A $US500,000 Geek Cyberheist

Yesterday, a guy woke up to find that nearly $US500,000-worth of virtual cash had been plucked from his computer by a thief. The first of the big Bitcoin heists is upon us!

If you’ve spent any time in the nerdier parts of the internet in recent months, you know that Bitcoin is the hyper-trendy, virtual currency championed by geek libertarians, hackers and drug dealers. Completely decentralised, open-source and nearly anonymous, Bitcoin functions essentially as digital cash. Unfortunately, like cash, it’s gone forever if it’s stolen.

A high-rolling geek who goes by the handle Allinvain claims that on Monday afternoon, someone pilfered 25,000 Bitcoins from his electronic wallet on his computer and deposited it into another anonymous account. At the current exchange rate of $US18.72 per Bitcoin, that’s about $US467,500. (Though the exchange rate has reached as high as ~$US29 in recent days.)

“I feel like killing myself now,” an anguished Allinvain wrote on the Bitcoin forums after discovering the theft. He was an early adopter of Bitcoin back in 2010 and had held onto his currency from when it was worth just pennies. “I remember watching the price like a hawk,” he writes. His plan was to cash out eventually and use his earnings to open up a Bitcoin business. “Needless to say, I feel like I have lost faith in Bitcion,” he wrote.

Allinvillan says that he had noticed some strange activity with his computer that suggested it had been hacked. Although he can’t rule out that someone had physically stolen his Bitcoin wallet file from his computer.

Geeks everywhere are in an uproar over the theft, debating whether it was made possible by a Bitcoin security flaw or stupidity on the part of Allinvain.
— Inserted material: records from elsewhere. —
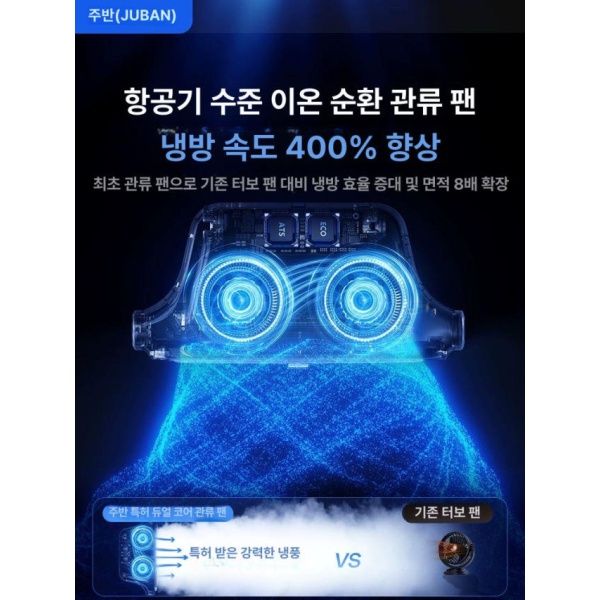 최신형 차량용 냉난방기 이동식 깊은 우주 검정 2025년형 USB 냉풍기 깊은 우주 검정 - 상세 이미지 3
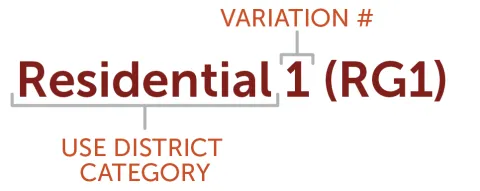 Diagram shows a use district naming convention, where “Residential 1 (RG1)” is emphasized with the heading “Use District Category,” and “Variation #” appears above the number one to indicate the variation identifier. The graphic visually links the district name and abbreviation to illustrate how a residential use district is labeled within the zoning code structure.
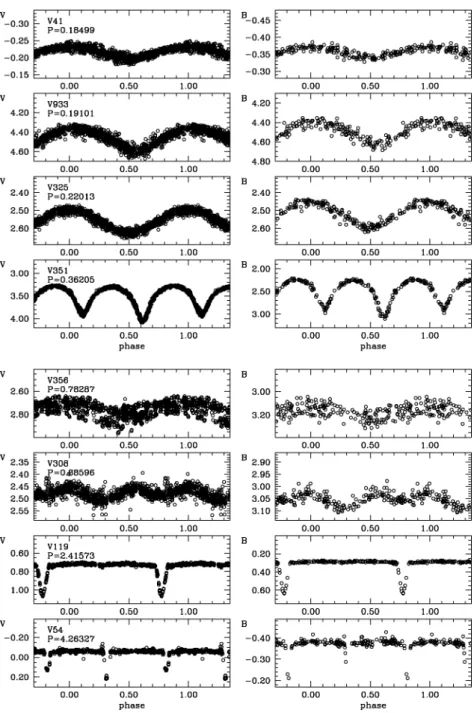 Figure 1. Diﬀerential magnitude folded light curves for the monoperiodic variable stars we identiﬁed in IC 4651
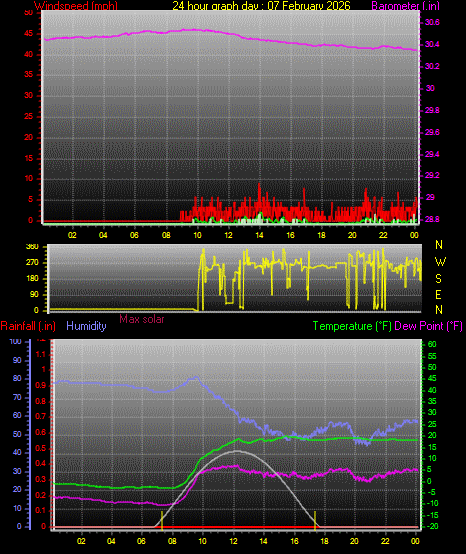 24 Hour Graph for Day 07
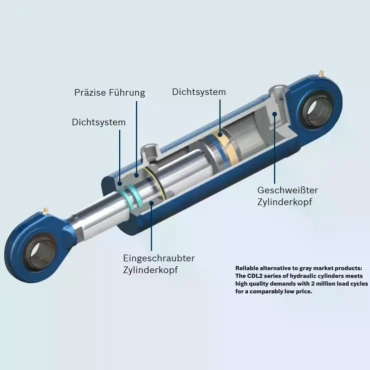 Excerpt from the white paper showing the components of a cylinder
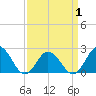 Old Plantation Light tide chart for Tuesday, April 1, 2025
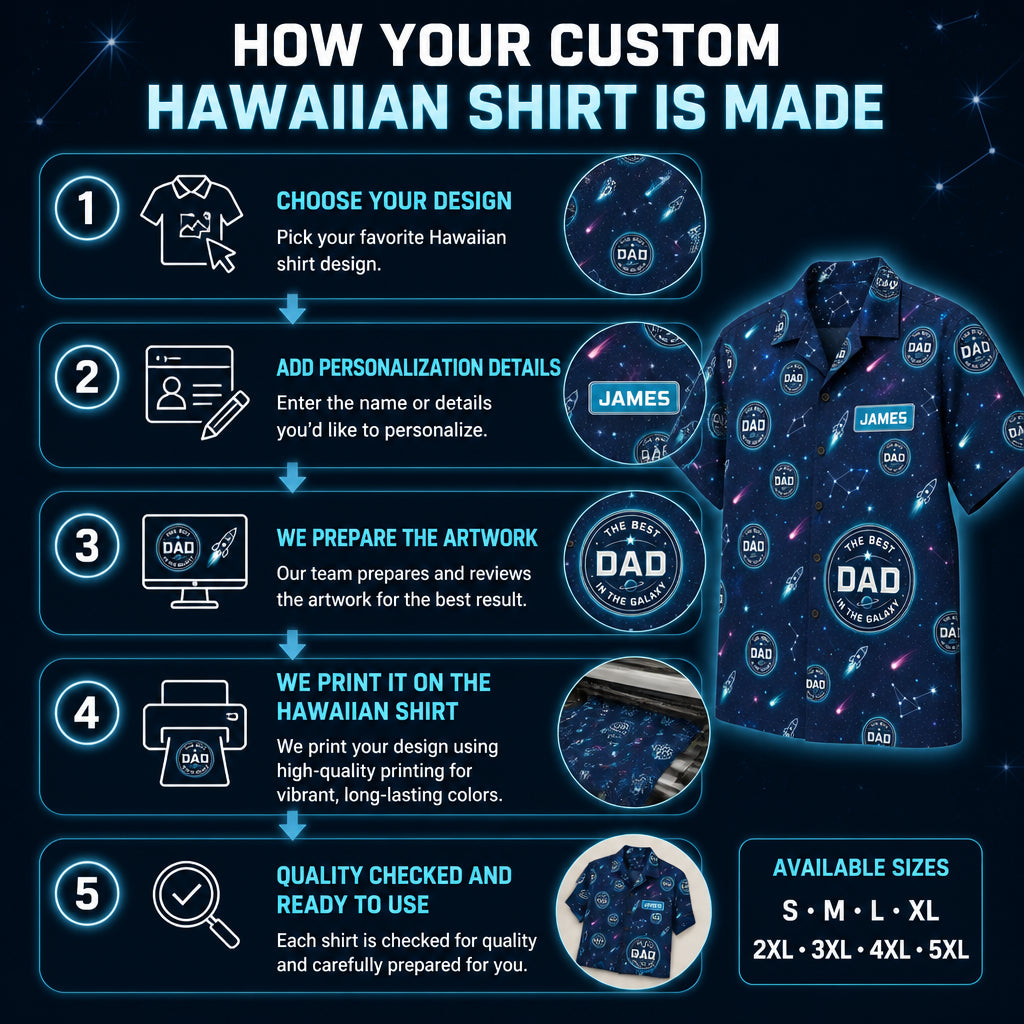 Best Dad in the Galaxy – Mission Patch Hawaiian Shirt (Personalized Name) - How it is made
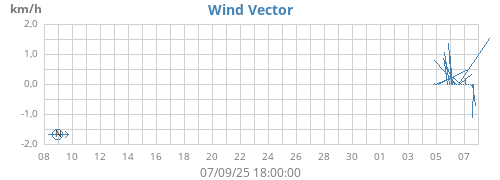 monthwindvec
Another forum user said he had been hit by a hacker who had transferred his Bitcoins to the same address, which has led to speculation that a serial Bitcoin robber is on the loose.

“That’s one thing about bitcoins. There’s no FDIC or SIPC watching your back,” wrote a commenter on Hacker News. “It’s the wild west with train robberies and stage coach heists in all.”

What’s made the theft more dramatic is that, because Bitcoin records all transactions in a public log, anyone can trace the stolen stash in real-time as it’s sloshed around to various anonymous Bitcoin accounts, presumably in an attempt to launder it.

This could all be an elaborate hoax by Allinvain. Bitcoin developer Jeff Garzik says that “It is literally impossible to know whether that post is B.S.” – because of Bitcoin’s anonymous nature, anyone can claim to own any account and there’s no real way to prove it. But, he adds, “It is true that, just like a real wallet in your pocket, a bitcoin wallet can be stolen.”

Although a hacker can’t infect your wallet with a trojan. Also, your wallet doesn’t hold nearly $US500,000. If, for some reason, you do own $US500,000 worth of Bitcoins, we’d recommend you keep them stored on a computer locked behind a big vault, twenty feet underground, unplugged from the internet, safe from the shadowy Bitcoin cat-burgler. Maybe in a bank?